• **Available data**
# # # #
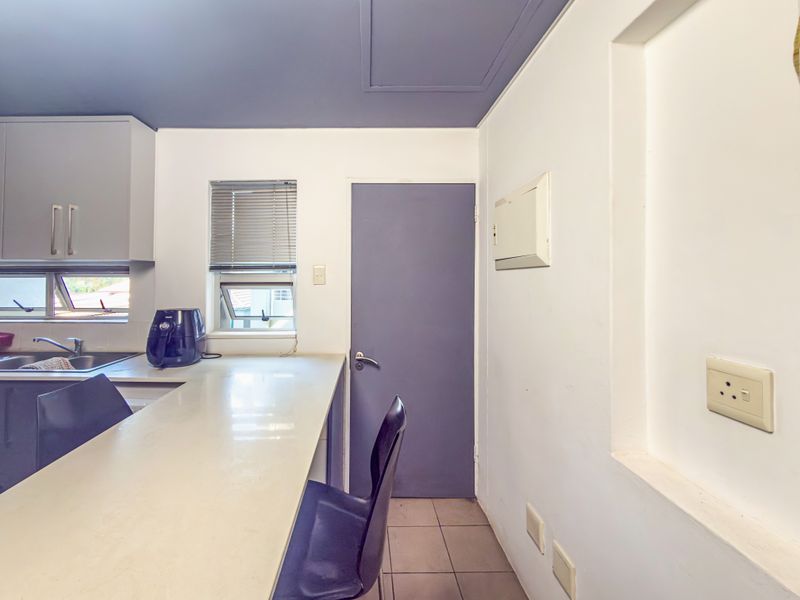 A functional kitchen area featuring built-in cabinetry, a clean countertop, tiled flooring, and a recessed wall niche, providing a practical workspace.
# # # #
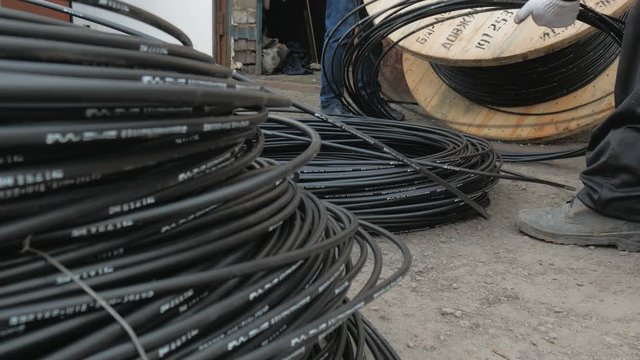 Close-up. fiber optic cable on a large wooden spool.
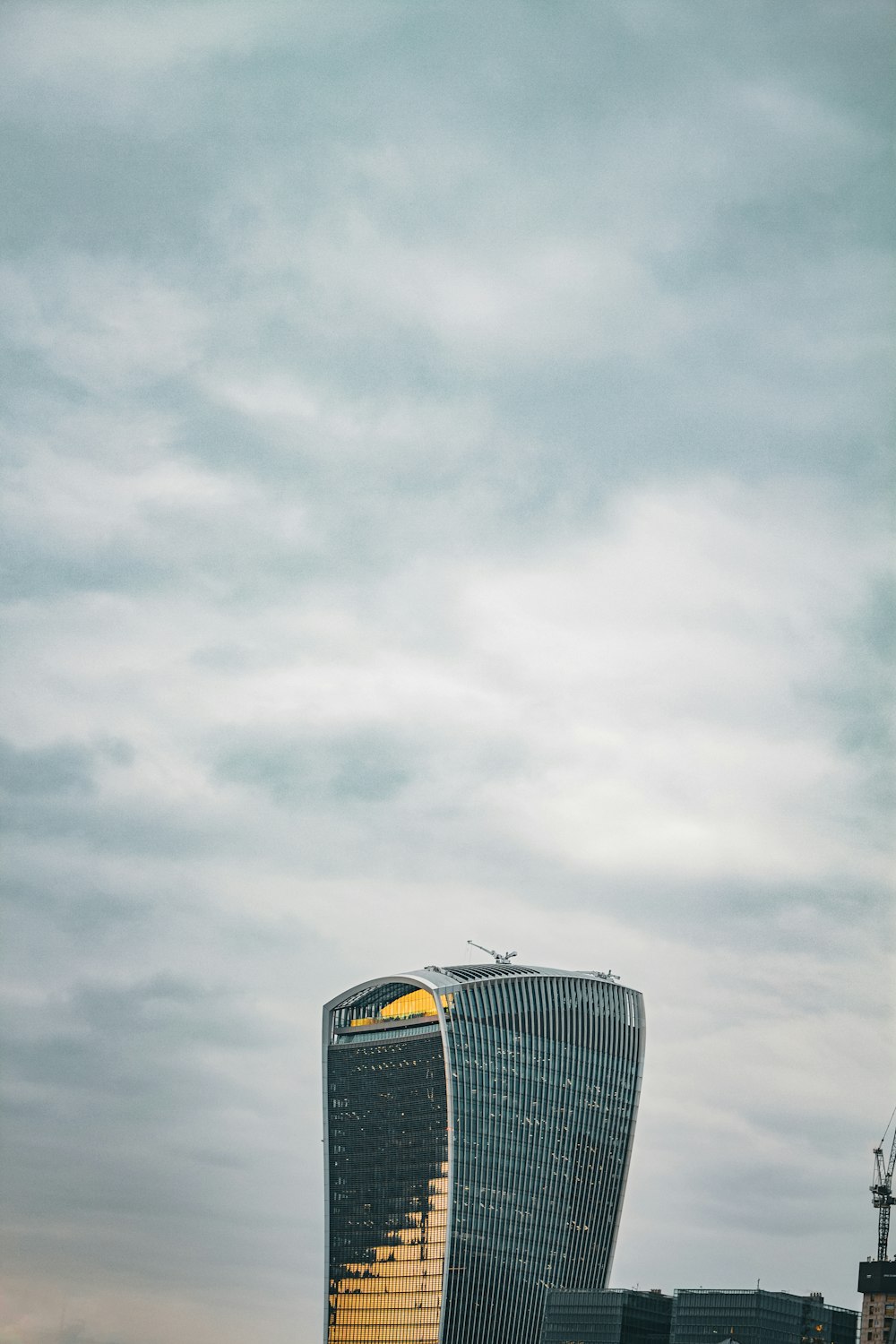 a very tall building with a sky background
# # # #
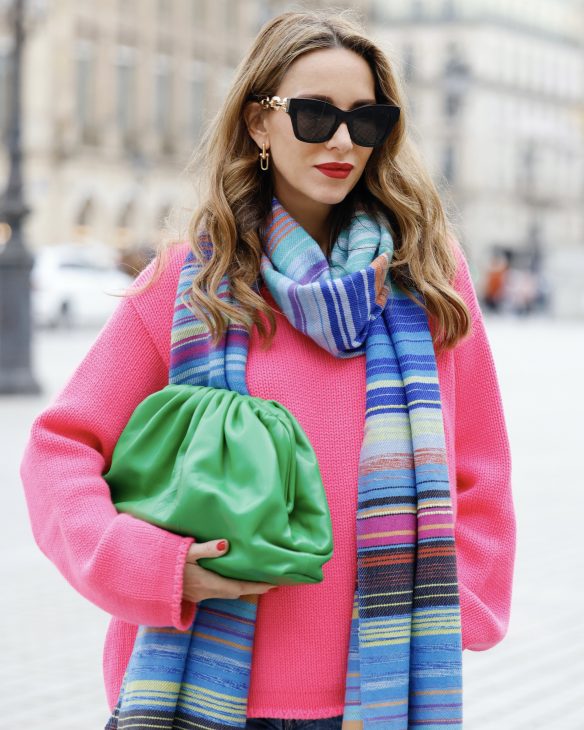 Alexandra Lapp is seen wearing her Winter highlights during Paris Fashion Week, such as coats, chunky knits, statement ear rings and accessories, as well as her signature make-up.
# # # #
• **Task statement**
Everything above from the line containing "Close-up. fiber optic" down to the line containing "a very tall building with a sky background" is to be duplicated exactly, both lines included, and the pictures are to be omitted.

• **Answer space**
 Close-up. fiber optic cable on a large wooden spool.
 a very tall building with a sky background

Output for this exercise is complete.